My dad's words
Im feeling really upset right now, my dad passed away 9 years ago and I have to write, it helps.
My father shaped the way I view the world and he shaped the way I view my body. He was always on some diet and making excuses for his weight. He made us all believe we were overweight and needed to diet and we were unhealthy and he always magically had the newest and best answer. While he needed to lose weight, this is true, it was not true for the rest of my family, but I believe his words have stuck with me ever since.
He was a big man, weighing in at 300 lbs give or take whichever fad diet he happened to be on that month. We had to partake of his diets as well, casting off fats one time then becoming vegetarians and then coming full circle to the Atkins diet which in my opinion is what killed him. (While I joke about bacon or eating junk he actually ate poorly on a daily basis and all the saturated fat was too much for his heart.) When he died one of his main arteries was clogged to 99%, the one nicknamed the widow maker for obviously reasons.
In him, I had a poor role model for eating right and exercise, he was the king of excuses 'I'll exercise when it gets cooler' 'I'm starting Monday' (lol) until one Sunday he was rushed to the emergency room to be operated on and never wake up again. This scared me and at 19 I began to worry about my health to the point I remember clearly having a panic attack thinking I was having a heart attack and was going to die like my father.

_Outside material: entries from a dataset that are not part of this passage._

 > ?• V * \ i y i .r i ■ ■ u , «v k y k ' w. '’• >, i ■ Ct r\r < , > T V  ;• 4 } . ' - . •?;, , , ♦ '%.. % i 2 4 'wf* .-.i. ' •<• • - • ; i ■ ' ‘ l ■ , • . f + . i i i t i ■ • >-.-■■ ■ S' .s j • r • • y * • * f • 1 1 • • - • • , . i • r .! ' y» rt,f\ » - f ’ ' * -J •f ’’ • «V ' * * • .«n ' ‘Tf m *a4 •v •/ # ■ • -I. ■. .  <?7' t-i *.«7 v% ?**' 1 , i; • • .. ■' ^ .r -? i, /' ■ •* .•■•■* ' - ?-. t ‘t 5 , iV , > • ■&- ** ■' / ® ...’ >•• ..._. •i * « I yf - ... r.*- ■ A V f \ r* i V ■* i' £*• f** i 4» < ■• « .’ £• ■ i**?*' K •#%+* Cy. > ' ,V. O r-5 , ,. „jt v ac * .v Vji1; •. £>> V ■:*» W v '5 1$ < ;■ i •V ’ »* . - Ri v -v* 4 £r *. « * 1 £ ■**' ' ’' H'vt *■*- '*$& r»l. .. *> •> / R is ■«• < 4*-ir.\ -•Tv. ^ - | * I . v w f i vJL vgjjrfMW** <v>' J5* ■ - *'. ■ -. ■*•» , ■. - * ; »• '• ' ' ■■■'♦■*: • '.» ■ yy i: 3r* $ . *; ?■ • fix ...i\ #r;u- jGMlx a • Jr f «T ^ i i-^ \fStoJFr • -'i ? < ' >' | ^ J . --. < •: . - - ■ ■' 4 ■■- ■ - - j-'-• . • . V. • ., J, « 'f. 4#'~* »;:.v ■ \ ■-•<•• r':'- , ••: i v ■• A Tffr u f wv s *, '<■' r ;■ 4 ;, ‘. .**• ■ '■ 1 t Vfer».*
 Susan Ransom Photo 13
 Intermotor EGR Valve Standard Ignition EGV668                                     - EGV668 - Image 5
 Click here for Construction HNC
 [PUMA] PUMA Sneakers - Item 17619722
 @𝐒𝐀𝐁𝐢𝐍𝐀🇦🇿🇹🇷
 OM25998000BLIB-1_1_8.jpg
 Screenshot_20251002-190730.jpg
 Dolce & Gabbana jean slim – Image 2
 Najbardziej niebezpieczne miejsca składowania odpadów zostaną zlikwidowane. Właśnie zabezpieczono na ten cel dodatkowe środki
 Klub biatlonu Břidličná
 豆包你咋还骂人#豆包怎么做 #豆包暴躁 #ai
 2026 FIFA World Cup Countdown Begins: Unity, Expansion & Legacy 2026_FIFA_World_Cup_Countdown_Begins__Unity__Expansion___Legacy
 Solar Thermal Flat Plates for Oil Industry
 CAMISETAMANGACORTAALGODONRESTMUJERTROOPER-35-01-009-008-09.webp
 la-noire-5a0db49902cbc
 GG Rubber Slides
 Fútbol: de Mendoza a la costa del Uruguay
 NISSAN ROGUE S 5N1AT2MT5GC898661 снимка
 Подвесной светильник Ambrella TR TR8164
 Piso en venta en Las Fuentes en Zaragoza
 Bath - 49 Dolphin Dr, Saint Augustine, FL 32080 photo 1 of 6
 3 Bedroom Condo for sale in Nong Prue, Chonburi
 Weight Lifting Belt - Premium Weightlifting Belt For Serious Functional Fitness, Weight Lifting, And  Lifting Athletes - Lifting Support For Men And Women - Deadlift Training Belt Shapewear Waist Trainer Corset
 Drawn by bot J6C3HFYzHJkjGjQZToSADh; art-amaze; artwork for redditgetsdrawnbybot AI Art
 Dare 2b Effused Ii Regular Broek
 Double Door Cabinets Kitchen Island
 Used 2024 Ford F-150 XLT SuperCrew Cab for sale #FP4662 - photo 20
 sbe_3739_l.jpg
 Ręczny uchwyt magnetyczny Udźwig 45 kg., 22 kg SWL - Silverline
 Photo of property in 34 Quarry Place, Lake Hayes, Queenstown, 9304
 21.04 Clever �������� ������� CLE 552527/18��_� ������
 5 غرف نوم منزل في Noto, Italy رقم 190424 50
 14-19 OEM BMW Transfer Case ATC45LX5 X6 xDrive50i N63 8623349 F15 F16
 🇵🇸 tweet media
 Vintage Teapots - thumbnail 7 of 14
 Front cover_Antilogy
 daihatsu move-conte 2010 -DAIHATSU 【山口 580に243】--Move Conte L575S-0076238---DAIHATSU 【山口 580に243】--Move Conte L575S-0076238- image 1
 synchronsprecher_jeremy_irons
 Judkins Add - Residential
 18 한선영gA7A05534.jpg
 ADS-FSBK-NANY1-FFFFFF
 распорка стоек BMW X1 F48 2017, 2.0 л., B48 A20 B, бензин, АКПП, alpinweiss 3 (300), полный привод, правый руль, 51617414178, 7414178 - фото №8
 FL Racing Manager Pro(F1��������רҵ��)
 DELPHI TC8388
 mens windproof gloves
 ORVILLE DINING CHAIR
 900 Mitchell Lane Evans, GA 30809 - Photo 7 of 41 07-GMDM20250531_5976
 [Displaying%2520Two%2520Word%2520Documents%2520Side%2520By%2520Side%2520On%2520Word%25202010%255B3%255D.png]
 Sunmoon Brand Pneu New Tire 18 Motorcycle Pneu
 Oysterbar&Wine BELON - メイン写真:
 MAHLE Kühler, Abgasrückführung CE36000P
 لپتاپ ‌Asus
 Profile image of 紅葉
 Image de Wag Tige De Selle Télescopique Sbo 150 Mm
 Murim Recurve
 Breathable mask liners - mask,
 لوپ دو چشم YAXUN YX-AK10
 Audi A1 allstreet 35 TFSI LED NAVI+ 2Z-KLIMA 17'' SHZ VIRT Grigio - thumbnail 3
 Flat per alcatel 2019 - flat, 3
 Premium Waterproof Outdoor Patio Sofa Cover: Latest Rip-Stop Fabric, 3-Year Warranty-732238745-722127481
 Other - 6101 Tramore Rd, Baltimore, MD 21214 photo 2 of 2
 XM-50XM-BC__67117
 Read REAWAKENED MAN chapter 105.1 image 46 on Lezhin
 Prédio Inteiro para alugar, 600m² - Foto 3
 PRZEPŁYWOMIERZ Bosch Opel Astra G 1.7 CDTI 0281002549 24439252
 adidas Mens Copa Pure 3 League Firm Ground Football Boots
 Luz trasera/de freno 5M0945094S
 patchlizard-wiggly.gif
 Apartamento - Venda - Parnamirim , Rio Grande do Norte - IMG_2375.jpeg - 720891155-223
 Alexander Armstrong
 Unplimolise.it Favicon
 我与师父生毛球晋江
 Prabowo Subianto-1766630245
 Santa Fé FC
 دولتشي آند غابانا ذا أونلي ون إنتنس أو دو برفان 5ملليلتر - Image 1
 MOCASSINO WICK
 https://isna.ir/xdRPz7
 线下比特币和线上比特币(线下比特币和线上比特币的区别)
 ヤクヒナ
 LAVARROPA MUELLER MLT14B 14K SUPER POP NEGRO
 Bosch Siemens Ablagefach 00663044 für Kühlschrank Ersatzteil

Of course I did not die, but I have never fully shaken his bad habits and negativity in the way that he talked about me and my body. What would it be like if my father had taught me that I was beautiful and didnt constantly remind me I was getting chubby (which I wasn't) or that I need start losing weight? Would I have cared enough about myself and my body to take care of it properly without obsessing over my weight? Would I have the confidence I lack now to look at myself in the mirror and like who and what I see?
I can recall like it's yesterday some of the awful and hurtful things he had said to me about my 'gut' or how I have big thighs or that I needed to drop weight and so and so is in such good shape unlike us. I just wish I could now ask him why? But I can't and even if I could, the thoughts aNd habits are planted, have taken root, and they are tough to break and shake off. I'm trying to do this thru MFP and strength training, and it's helping but it's amazing how quickly my fathers words can echo in my ears and I forget everything I know and focus on what he taught me.



I hope you are able to realize your father's comments were more about him than you, and they do not define you!
Again, thank you for sharing...it's amazing what an influence parents have on their kids!
Focus on yourself, love yourself one step at a time, one day at a time. Surround yourself with good, loving people like here on MFP. It helps a lot.
But it's only you who can change you.
Both she and dad had childhoods with difficult parents and it helped me a lot to know that they were doing the best they could; they had not grown up to lead insightful lives and didn't really understand the damage they were doing. They obviously loved us kids, but oh, they got things so WRONG.
It helped knowing they loved me, even though they didn't ever learn to understand me. Your dad likely loved you and wanted you to achieve what he himself could not do; perhaps he thought he was helping you with those comments. Parents are flawed just like the rest of us...unfortunately, their failings affect children more than anyone else.
My experience did make me a better parent...at least I knew what NOT to say or do (though I'm sure I messed up somewhere else).
Best of luck on your journey to health in every way!
and nobody can see a parent's faults so clearly as their children.
was WAS and is IS. and NOW is your time. resentment muddies your NOW.
(please forgive me if this seems harsh. I mean it kindly.)
pull up your socks.
It takes a long time to get over these attacks on your psyche when you are a child.
And bwallace, this man did not want me to be perfect, he was a cruel man who was angry and abusive.
However, you can start learning how to refuse to let his words define you. It is hard, and I'm still working on it as well, but maybe try telling yourself the things you wish your father had told you. Just tell them to yourself every day (in your head or out loud). Sometimes, when one or both of your parents were terrible, you have to learn how to provide that emotional support for yourself that you missed out on growing up.
I think a lot of us have parents who produce feelings of regret in us. I know I do.
Be strong babe. You already are, more than you know. Maybe your dad's words have obscured it for you a bit, but you know who you are. Hang onto that and don't let go.
I think a lot of us have parents who produce feelings of regret in us. I know I do.
Be strong babe. You already are, more than you know. Maybe your dad's words have obscured it for you a bit, but you know who you are. Hang onto that and don't let go.